■ **Assignment**:
Print the data exactly as written, but leave out each picture.

+++ Dataset section

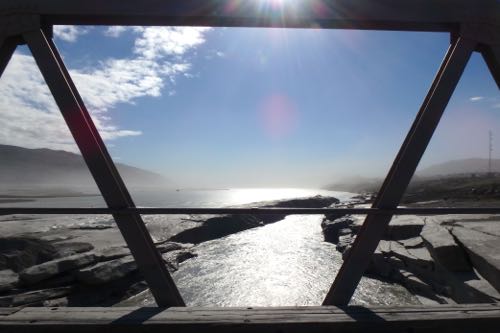 Looking Out at the Fjord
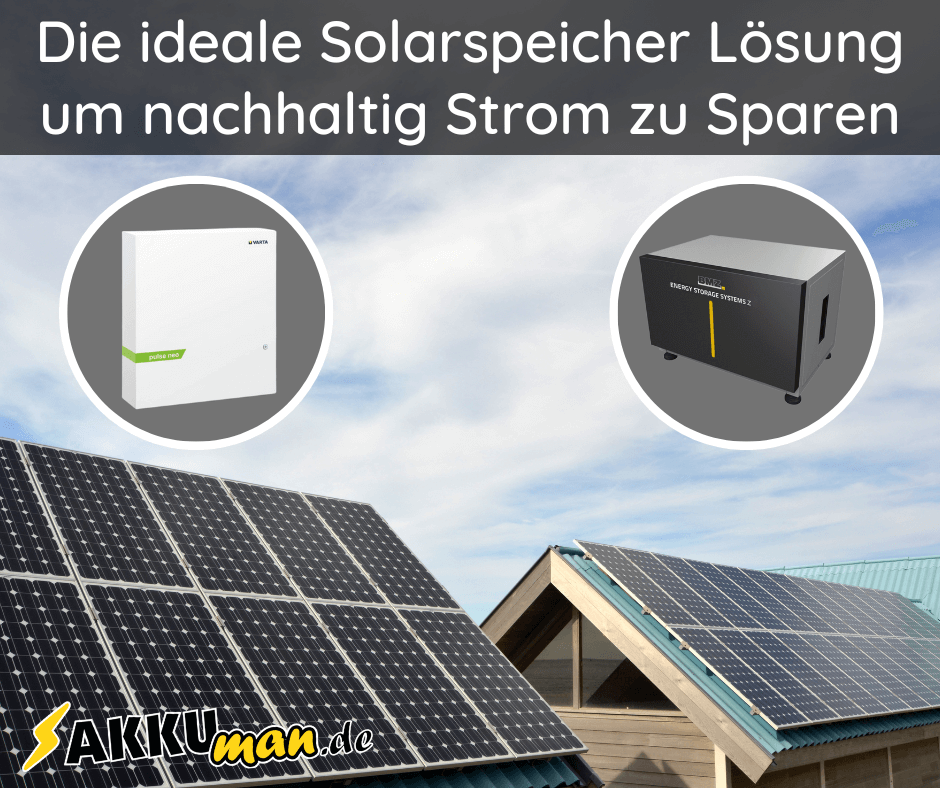 Solarspeicher - Das Herzstück jeder modernen PV-Anlage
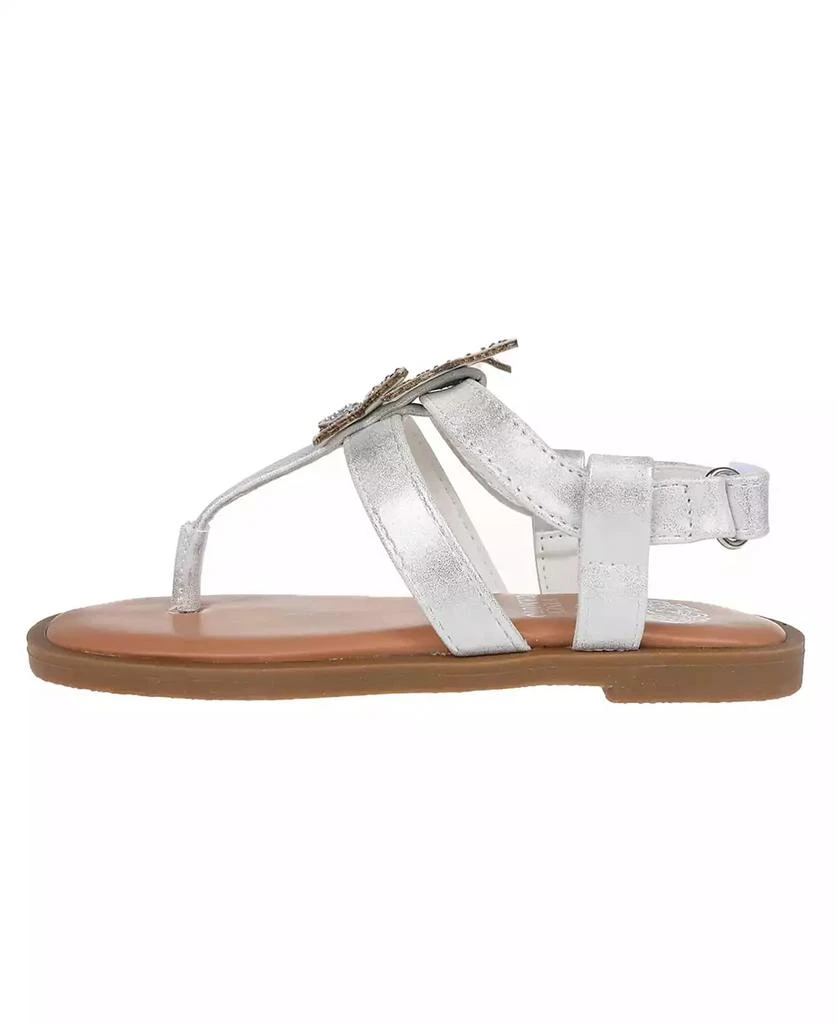 商品Vince Camuto|Big Girl's Fashion Sandal with 3D Cutout Self Butterflies Polyurethane Sandals,价格¥162,第3张图片详细描述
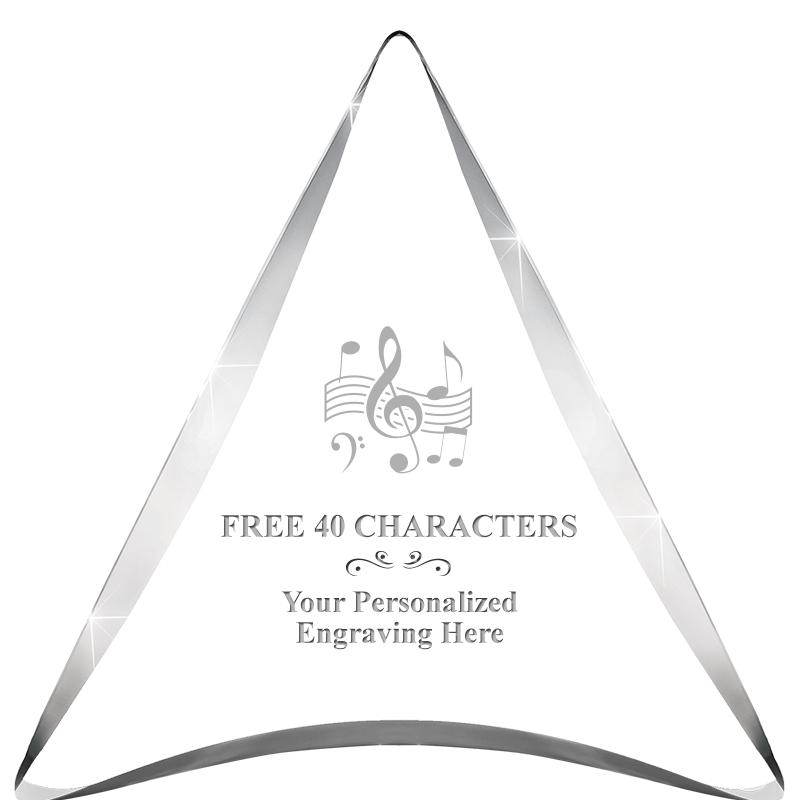 ENTERPRISE TRIANGLE ACRYLIC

++++++

■ **Answer area**:
 Looking Out at the Fjord
 Solarspeicher - Das Herzstück jeder modernen PV-Anlage
 商品Vince Camuto|Big Girl's Fashion Sandal with 3D Cutout Self Butterflies Polyurethane Sandals,价格¥162,第3张图片详细描述
 ENTERPRISE TRIANGLE ACRYLIC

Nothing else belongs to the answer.